### WHAT IS EXPECTED
Below are several entries. Transcribe exactly those lines that fall from the one with "Patent US12460683 Figure" through the one with "Extended Stay America", end lines included.

::: RECORDED INFORMATION :::

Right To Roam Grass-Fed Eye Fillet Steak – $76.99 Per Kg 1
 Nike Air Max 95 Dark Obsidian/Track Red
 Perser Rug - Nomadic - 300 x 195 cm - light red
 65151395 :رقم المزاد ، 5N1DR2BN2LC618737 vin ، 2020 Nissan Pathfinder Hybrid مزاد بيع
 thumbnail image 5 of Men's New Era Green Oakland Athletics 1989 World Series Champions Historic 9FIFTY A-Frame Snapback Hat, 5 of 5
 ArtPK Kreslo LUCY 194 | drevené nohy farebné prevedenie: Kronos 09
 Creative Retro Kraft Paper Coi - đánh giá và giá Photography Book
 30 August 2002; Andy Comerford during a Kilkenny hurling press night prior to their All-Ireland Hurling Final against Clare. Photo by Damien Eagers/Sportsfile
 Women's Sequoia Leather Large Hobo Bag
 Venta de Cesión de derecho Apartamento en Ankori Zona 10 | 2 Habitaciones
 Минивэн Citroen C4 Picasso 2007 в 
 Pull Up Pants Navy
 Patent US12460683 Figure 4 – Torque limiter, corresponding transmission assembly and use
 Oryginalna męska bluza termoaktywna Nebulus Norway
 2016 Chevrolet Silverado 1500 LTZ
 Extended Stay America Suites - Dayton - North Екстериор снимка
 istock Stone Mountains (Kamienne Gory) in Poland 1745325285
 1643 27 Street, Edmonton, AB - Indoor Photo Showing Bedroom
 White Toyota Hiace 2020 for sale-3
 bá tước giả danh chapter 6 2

:::

### ANSWER AREA
 Patent US12460683 Figure 4 – Torque limiter, corresponding transmission assembly and use
 Oryginalna męska bluza termoaktywna Nebulus Norway
 2016 Chevrolet Silverado 1500 LTZ
 Extended Stay America Suites - Dayton - North Екстериор снимка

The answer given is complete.